──────── INFORMATION GIVEN
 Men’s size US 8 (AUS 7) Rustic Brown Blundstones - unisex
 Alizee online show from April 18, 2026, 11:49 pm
────────────────
──────── INFORMATION GIVEN
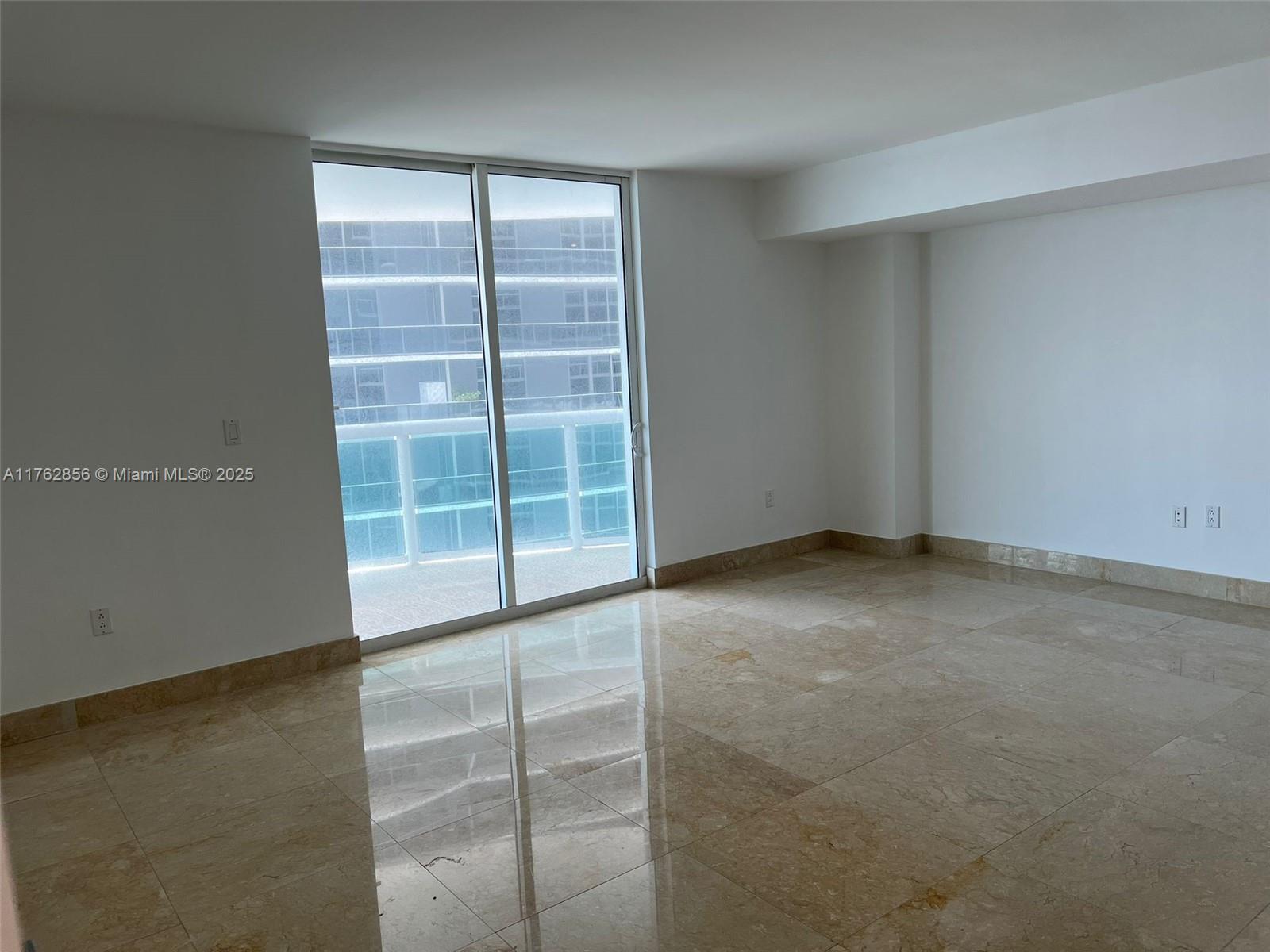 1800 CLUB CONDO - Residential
────────────────
*PROBLEM TO SOLVE:*
Only one stretch of the entries above is wanted: the lines from the one containing "Men’s size US" through the one containing "Alizee online show". Please reproduce it exactly.

*ANSWER TO THE EXERCISE:*
 Men’s size US 8 (AUS 7) Rustic Brown Blundstones - unisex
 Alizee online show from April 18, 2026, 11:49 pm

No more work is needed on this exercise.